Could you restate, word for word, the line that has "three person holding beverage cups" and all lines following it through the end of the entries below?

[Brief descriptive captions]
++++
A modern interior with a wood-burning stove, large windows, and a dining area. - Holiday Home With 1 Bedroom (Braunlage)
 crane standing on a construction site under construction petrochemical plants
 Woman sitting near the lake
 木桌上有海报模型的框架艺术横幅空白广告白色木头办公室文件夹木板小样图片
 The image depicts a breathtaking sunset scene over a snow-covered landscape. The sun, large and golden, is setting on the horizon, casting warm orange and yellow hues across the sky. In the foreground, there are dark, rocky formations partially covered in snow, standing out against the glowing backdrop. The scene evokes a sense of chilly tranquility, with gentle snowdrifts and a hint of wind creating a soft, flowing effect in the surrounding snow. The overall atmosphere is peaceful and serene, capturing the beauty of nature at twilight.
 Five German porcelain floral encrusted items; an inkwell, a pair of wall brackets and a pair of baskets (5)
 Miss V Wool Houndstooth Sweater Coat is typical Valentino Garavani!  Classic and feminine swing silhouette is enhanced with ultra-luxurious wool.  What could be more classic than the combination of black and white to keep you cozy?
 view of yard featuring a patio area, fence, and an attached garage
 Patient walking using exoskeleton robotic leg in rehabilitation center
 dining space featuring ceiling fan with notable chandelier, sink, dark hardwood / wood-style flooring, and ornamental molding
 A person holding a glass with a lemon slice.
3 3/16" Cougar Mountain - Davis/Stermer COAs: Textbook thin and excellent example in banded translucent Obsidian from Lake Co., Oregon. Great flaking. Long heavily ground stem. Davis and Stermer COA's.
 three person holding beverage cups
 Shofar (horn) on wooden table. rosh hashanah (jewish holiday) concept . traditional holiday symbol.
++++
Output for this exercise -
 three person holding beverage cups
 Shofar (horn) on wooden table. rosh hashanah (jewish holiday) concept . traditional holiday symbol.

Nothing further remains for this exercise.